Wednesday, October 07, 2009

Bus Report #464

Silent and dark morning on Muni.
A woman at the bus stop, another regular, said, "I hate how dark it is these days."
I nodded, replied, "well, I bet we change the clocks soon, right?"
"Yes, I checked online," she told me. "We change them November 1."
The bus was crowded but I squeezed between a woman I barely noticed and a tall man playing with his phone and an igadget.
The man sitting across from me looked like a Homicide: Life on the Streets-era Kyle Secor, except for his white earbuds and his PDA. I spent a few moments thinking about this television favorite of mine, before pulling the signal cord and getting out at Fillmore.
There were three of us waiting for the bus and one man sleeping on the bench, an open sleeping bag tucked around his head and shoulders. Our bus came and we got in, and the bus rolled on, still quiet, still mostly empty.
At Church and Market a pair of fare inspectors got on. "Morning, folks," said the woman inspector, smiling. "Let's see your tickets."
I fumbled around in my bag for my Fast Pass, and flipped it in their direction.
We all had passes and transfers, so no one got fined. It was odd, but at that moment I had a feeling of pride, a feeling of "we're all in this together and we won". Everyone had paid their way, and these inspectors knew that. I don't know.
The feeling passed.
16th Street was quiet and for the most part still asleep.
The fare inspectors got out at Mission and 16th, after making sure everyone had a transfer or Fast Pass.

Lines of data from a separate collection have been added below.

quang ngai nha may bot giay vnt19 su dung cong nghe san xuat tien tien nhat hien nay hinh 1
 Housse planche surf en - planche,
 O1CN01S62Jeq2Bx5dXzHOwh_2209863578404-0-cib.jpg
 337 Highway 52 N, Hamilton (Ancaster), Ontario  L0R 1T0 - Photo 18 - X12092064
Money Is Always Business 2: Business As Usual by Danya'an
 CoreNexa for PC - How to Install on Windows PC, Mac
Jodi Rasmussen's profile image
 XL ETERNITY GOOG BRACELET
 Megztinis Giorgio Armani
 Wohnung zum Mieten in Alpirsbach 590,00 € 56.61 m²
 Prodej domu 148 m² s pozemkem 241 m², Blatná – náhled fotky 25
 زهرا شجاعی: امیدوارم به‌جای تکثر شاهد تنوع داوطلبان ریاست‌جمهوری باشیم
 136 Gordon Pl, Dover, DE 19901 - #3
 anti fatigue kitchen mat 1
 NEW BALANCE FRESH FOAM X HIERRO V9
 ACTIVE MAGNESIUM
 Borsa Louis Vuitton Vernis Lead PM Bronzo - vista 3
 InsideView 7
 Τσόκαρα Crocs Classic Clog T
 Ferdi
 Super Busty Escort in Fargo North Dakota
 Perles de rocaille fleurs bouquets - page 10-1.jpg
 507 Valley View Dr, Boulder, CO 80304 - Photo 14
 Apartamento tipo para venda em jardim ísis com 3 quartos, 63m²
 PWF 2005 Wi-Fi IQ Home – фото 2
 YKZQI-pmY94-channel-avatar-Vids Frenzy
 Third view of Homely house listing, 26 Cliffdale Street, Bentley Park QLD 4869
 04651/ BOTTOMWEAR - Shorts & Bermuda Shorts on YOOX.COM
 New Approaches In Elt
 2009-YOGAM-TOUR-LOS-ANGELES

At my stop, my seatmate was nice enough to get up to let me out. I hopped out of the bus and walked the rest of the way to work.
Lots of broken glass on the sidewalk, and further on, under the freeway, some abandoned canvases amidst the used coffee cups and orphaned shoes.
One of the paintings was of a Picasso-esque woman sitting on the edge of a chair, patches of color behind her. She had dark hair and her legs were crossed. I stopped and looked at it for a minute. It was tossed behind the fence so I couldn't rescue it, but I would have liked to.